Repository files navigation

AccessDocs Pilot (demo)

Centralized publishing flow: upload a PDF, extract text (with OCR fallback), generate Markdown with titles and file names derived from page content, sync into the single Docusaurus project at demo_docs/ (replacing all docs there), run npm run build, then copy the resulting demo_docs/build/ tree to backend/templates/doc_builds/<PublishedItem UUID>/ (one folder per upload, named after the row’s id) and serve it at /viewer/<uuid>/ (or your DOCUSAURUS_BASE_URL prefix).
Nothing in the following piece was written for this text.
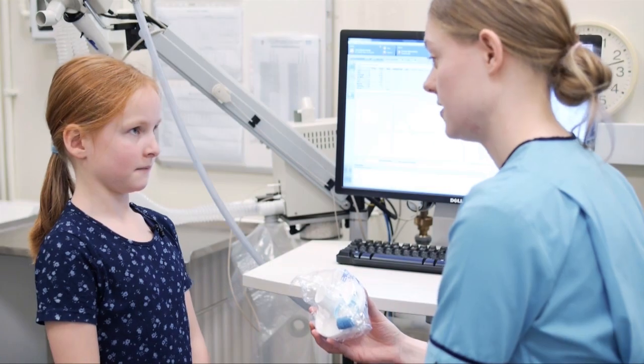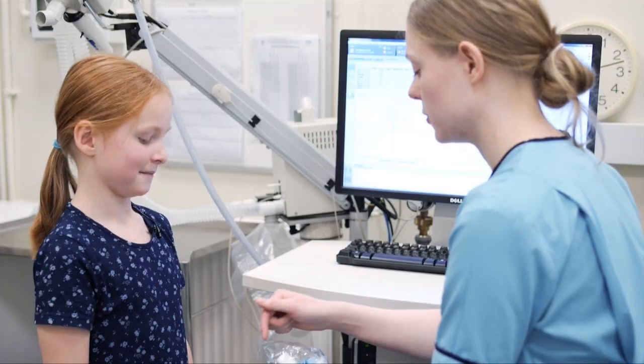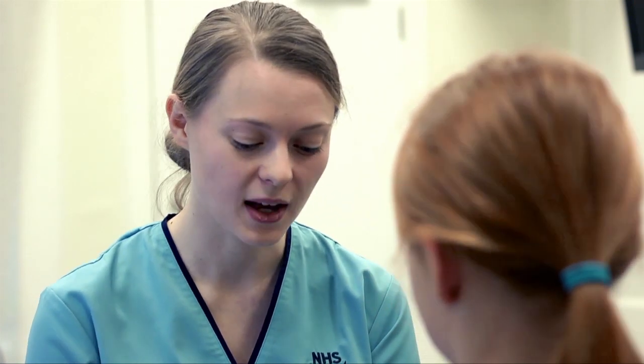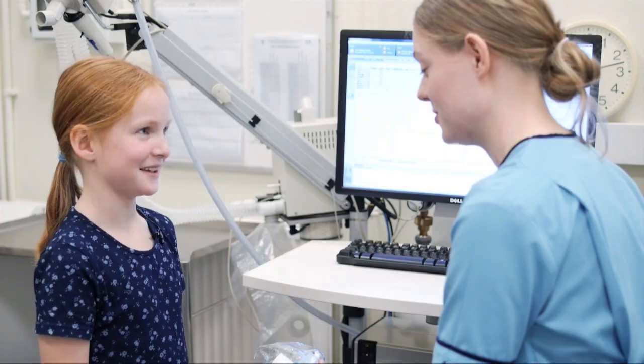Right Susan, we're ready to start now. Do you want to come across to my computer and we can have a wee look at the mouthpiece that we use for the tests? What we do is get people to put their lips and teeth around it nice and tight, but we don't want them to put their tongue too close to the opening just in case the air comes out funny.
Read-only metadata is available over HTTP. Storage is treated as budgeted and renewable; this repo does not claim permanence.

Repository layout

Path Purpose
backend/ Django app, REST API, staff upload UI, Celery tasks; viewer routes under /viewer/<uuid>/
demo_docs/ Only Docusaurus builder: pipeline replaces docs/, sidebars.ts, and static/img/publish/ on each publish, then builds here
backend/utils/ PDF processing (main.py), publish pipeline (pipeline.py), plus input_files/ fixtures
backend/templates/doc_builds/<uuid>/ Snapshot of demo_docs/build/ per upload (<uuid> = PublishedItem.pk; contents gitignored)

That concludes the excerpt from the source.